Measurement errors

Summary

• True relation:

\[E\left( y_i \mid w_i \right)=β_1+β_2w_i\]

• such that exogeneity would be satisfied in the model

\[y_i=β_1+β_2w_i+ν_i\]

• with error terms \(ν_i\) .
• However, \(w_i\) is unobserved . Instead, we observe an inaccurate measurement of \(w_i\) denoted by \(x_i\) and \(\left( y_i,x_i \right)\) for \(i=1, \ldots ,n\) is a random sample.
• The difference \(x_i-w_i\) is called the measurement error , denoted by \(u_i\) :

\[x_i=w_i+u_i\]

• In the standard errors in variables model it is assumed that, (for all \(i\) )
• \(E\left( u_i \right)=0\)
• \(Var\left( u_i \right)=σ_u^2\)
• \(u_i\) is independent of \(w_i\)
• \(u_i\) is independent of \(ν_i\)
• We do not realize that \(x_i\) has measurement errors so we believe that

\[E\left( y_i \mid x_i \right)=β_1+β_2x_i\]

• and that \(x\) is exogenous in the model

\[y_i=β_1+β_2x_i+ε_i\]

• But this is wrong . In fact, \(x_i\) will be correlated with \(ε_i\) :

\[Cov\left( x_i,ε_i \right)=Cov\left( w_i+u_i,ν_i-β_2u_i \right)=-β_2σ_u^2\]

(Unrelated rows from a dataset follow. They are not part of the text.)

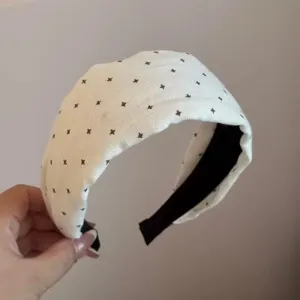 White padded headband with black cross print, stylish wide hair hoop for women daily wear.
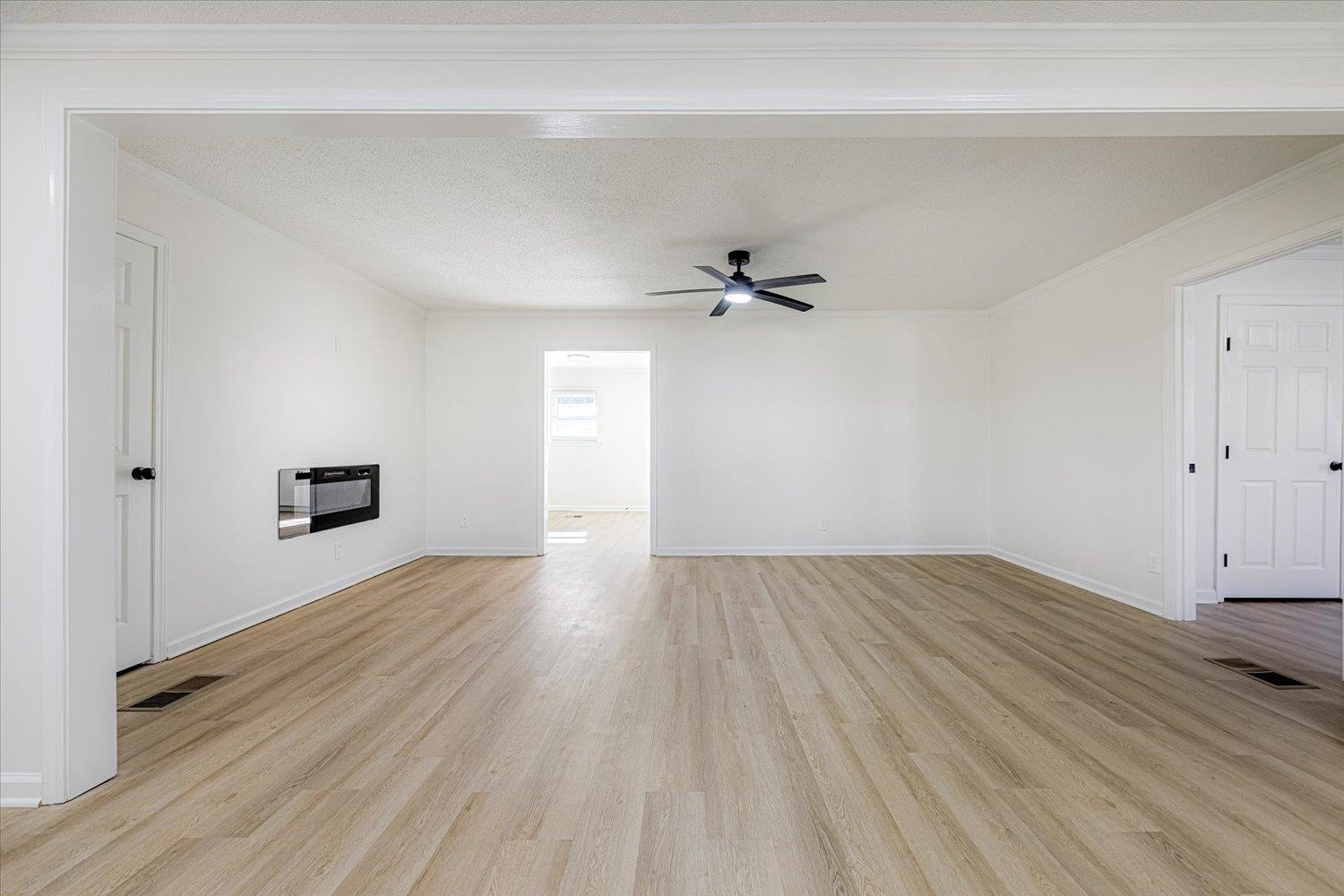 3148 Beaver Road Munford, TN 38058 - Photo 6 of 26 an empty room with wooden floor cabinet and windows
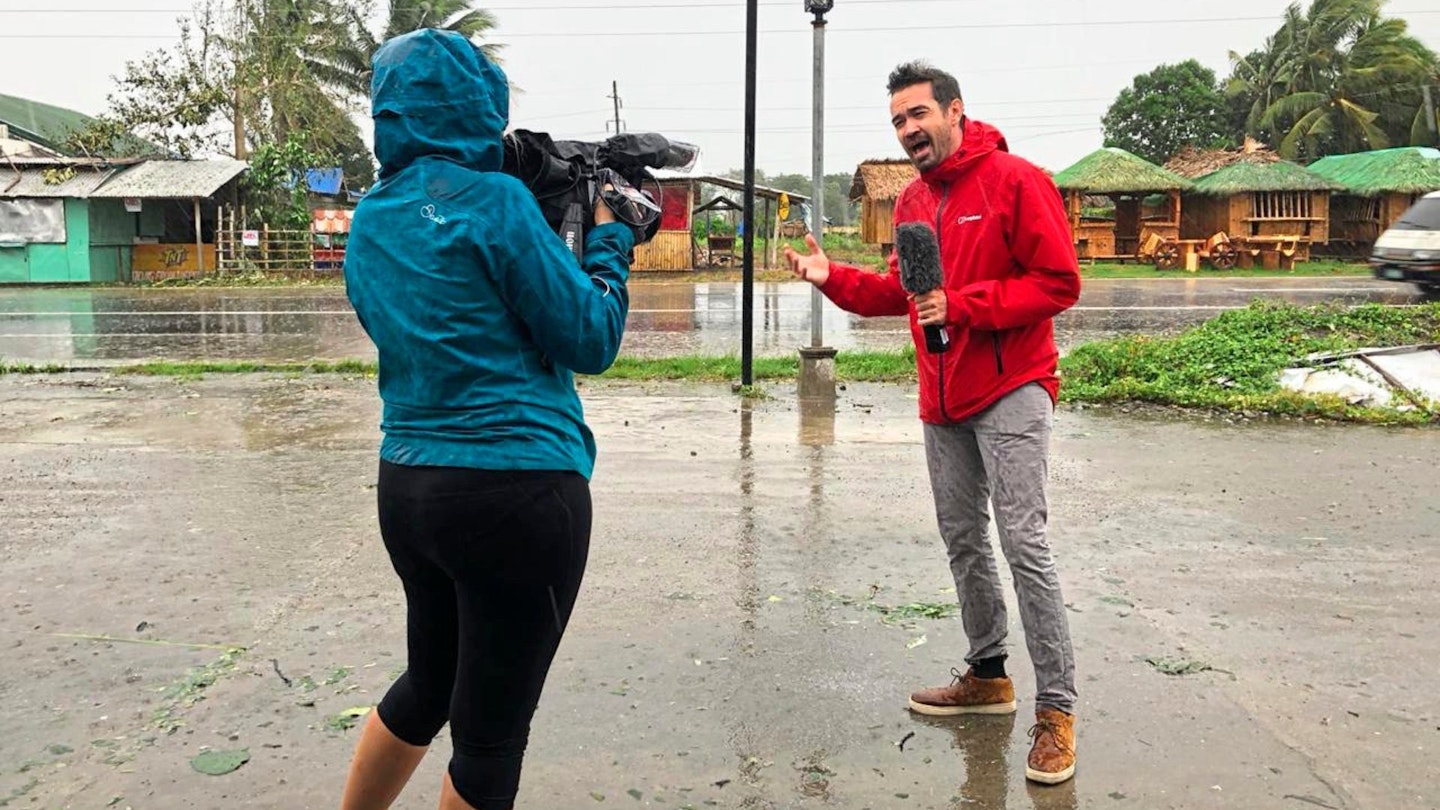 Johnson talking to the camera during a typhoon in the Phillipines.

• \(x\) will be endogenous and the OLS estimator will be biased and inconsistent.
• Result:

\[plim b_2=β_2\left( 1- \frac{σ_u^2}{σ_w^2+σ_u^2} \right)\]

• where \(σ_w^2=Var\left( w_i \right)\)
• \(b_2\) is asymptotically biased towards zero ( attenuation towards zero ). This is not true in general if there is more than one explanatory variable.